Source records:
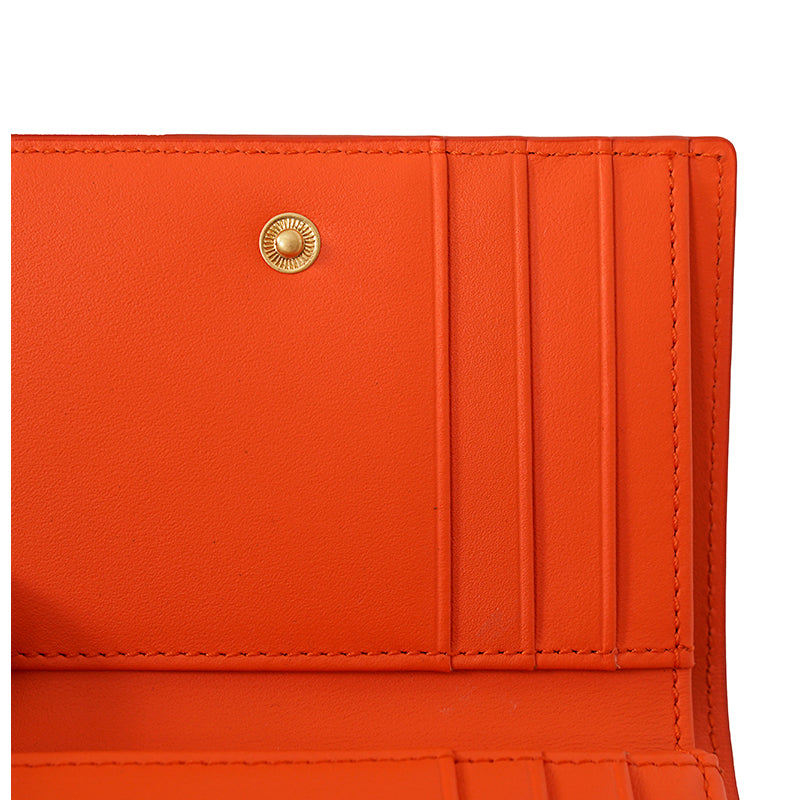 NEW $430 MCM Orange Embossed LOGO HIMMEL Small Trifold Compact Travel WALLET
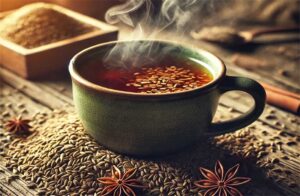 Čaj od kima za mršavljenje uz šalicu i sjemenke kima.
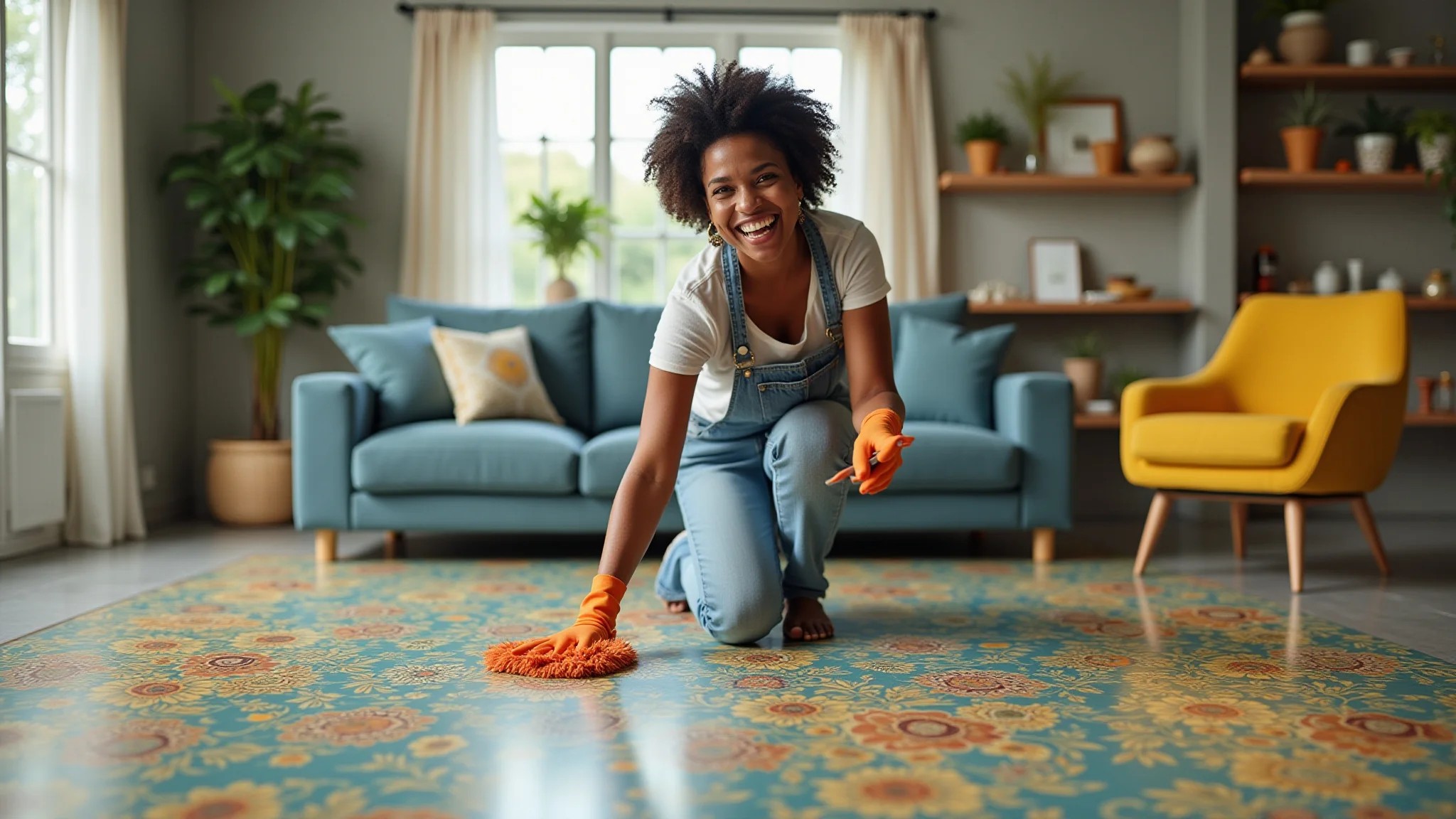 Mulher sorrindo enquanto limpa um piso epóxi colorido em sua sala de estar com decoração brasileira.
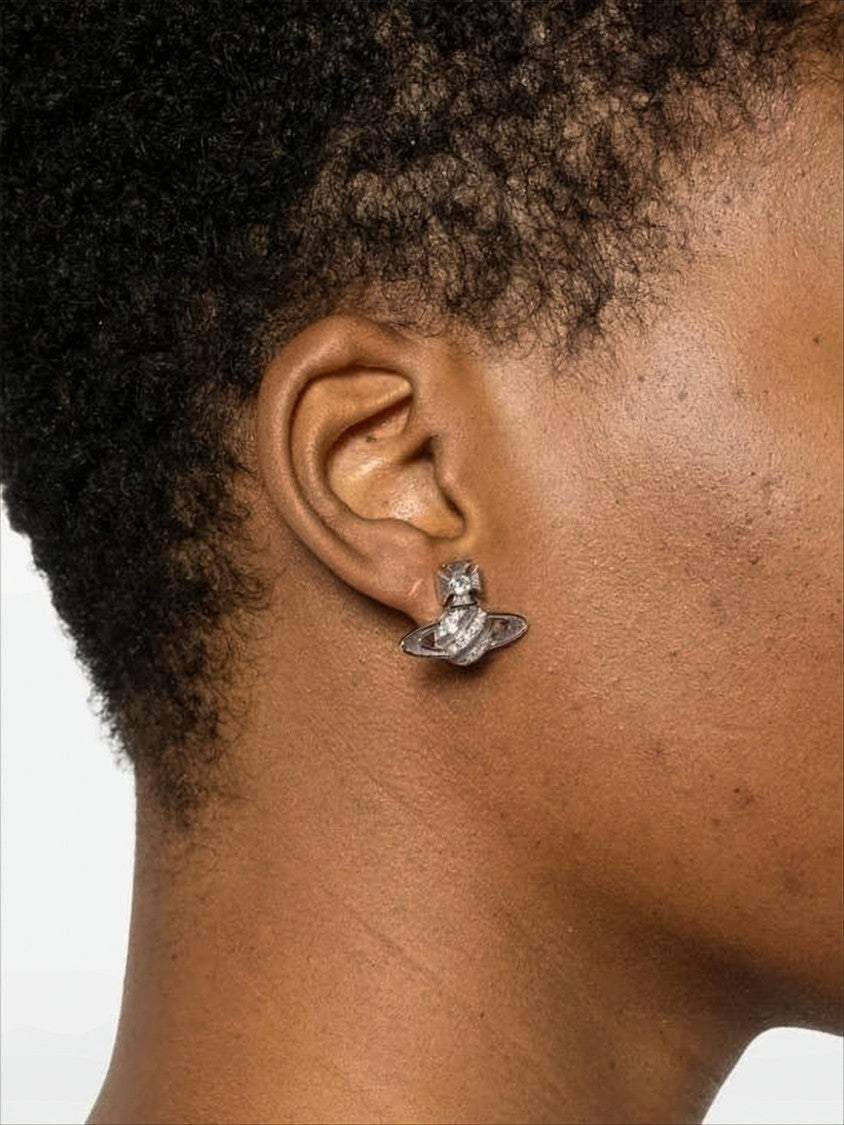 Vivienne Westwood Stylized Planet-Inspired Silver Earrings With Crystal Accents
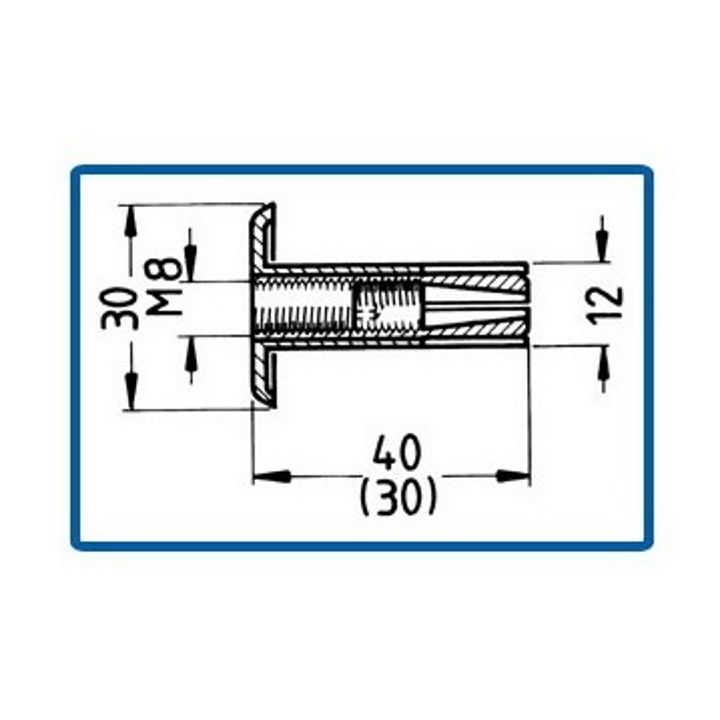 SPP-40 Plastic Wall Anchor Plug - 5/8" Thread for Wall Stations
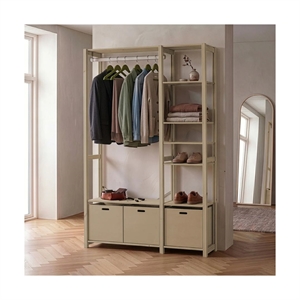 Elsø reol m/ 3 opbevaringskasser - Sand - Mål: B125 x H179 x D39 cm.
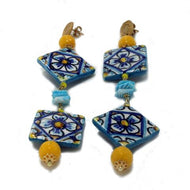 LONG CALTAGIRONE TILE EARRINGS WITH TURQUOISE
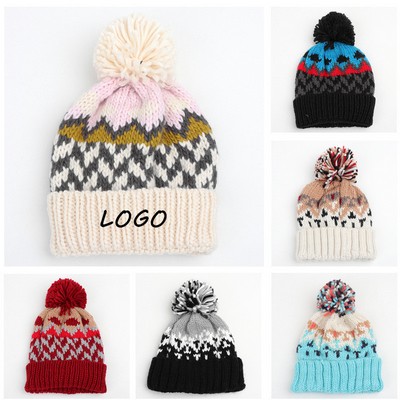 Two-tone Knit Pom Beanie With Cuff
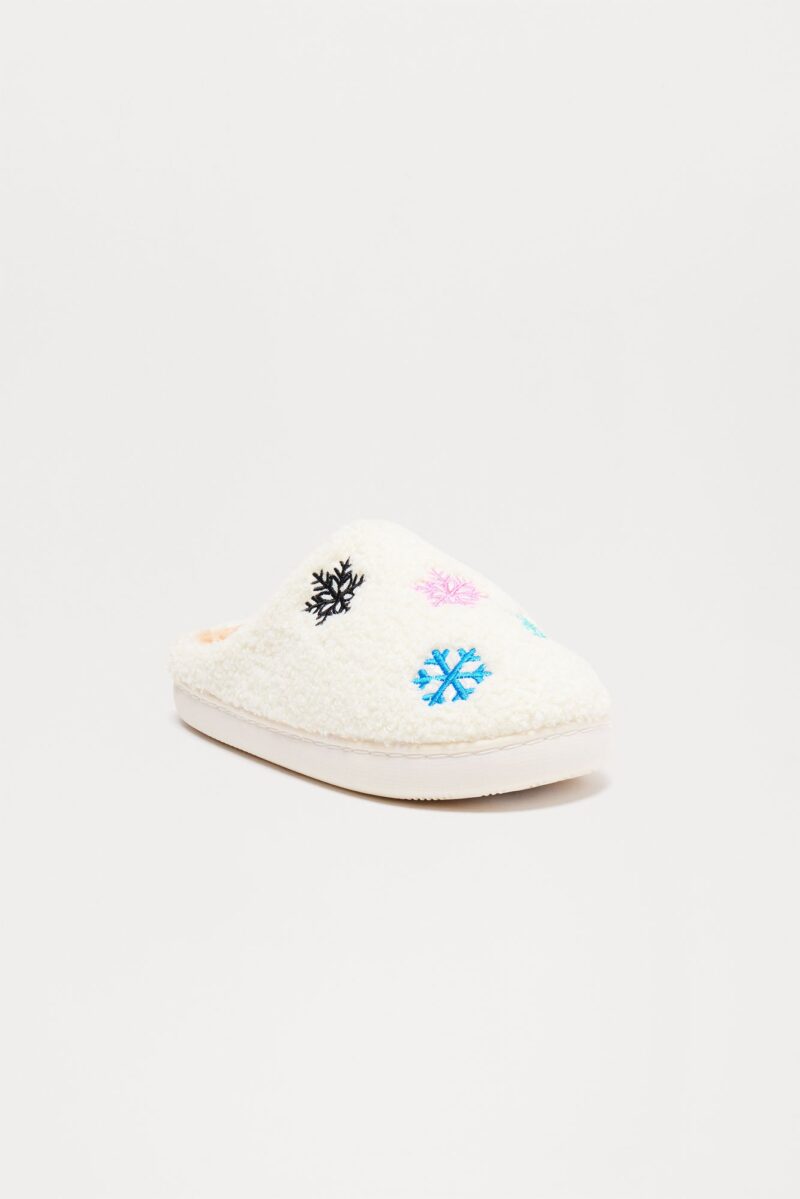 Pantuflas Estampado Copo de Nieve en Blanco Combinado - Image 2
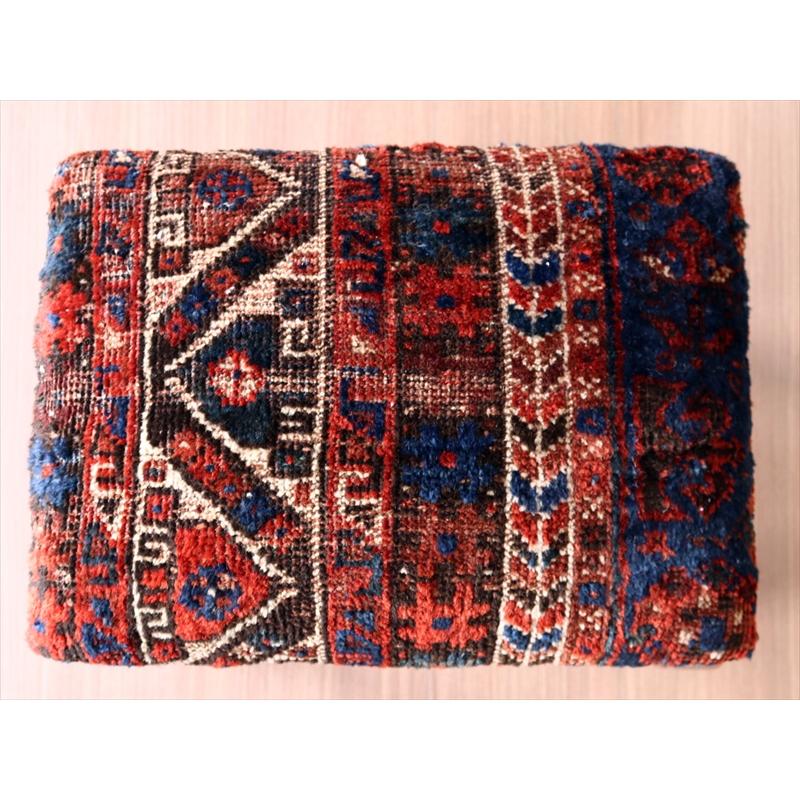 アンティークラグ木製家具 H41×W38×D28cm スツール オットマン レクタングル antique rug stool ottman rectangle | ブランド登録なし | 02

Problem details = Could you write out, word for word, the lines from the one containing "LONG CALTAGIRONE TILE" through the last line of the records, leaving out the pictures?

Answer box =
 LONG CALTAGIRONE TILE EARRINGS WITH TURQUOISE
 Two-tone Knit Pom Beanie With Cuff
 Pantuflas Estampado Copo de Nieve en Blanco Combinado - Image 2
 アンティークラグ木製家具 H41×W38×D28cm スツール オットマン レクタングル antique rug stool ottman rectangle | ブランド登録なし | 02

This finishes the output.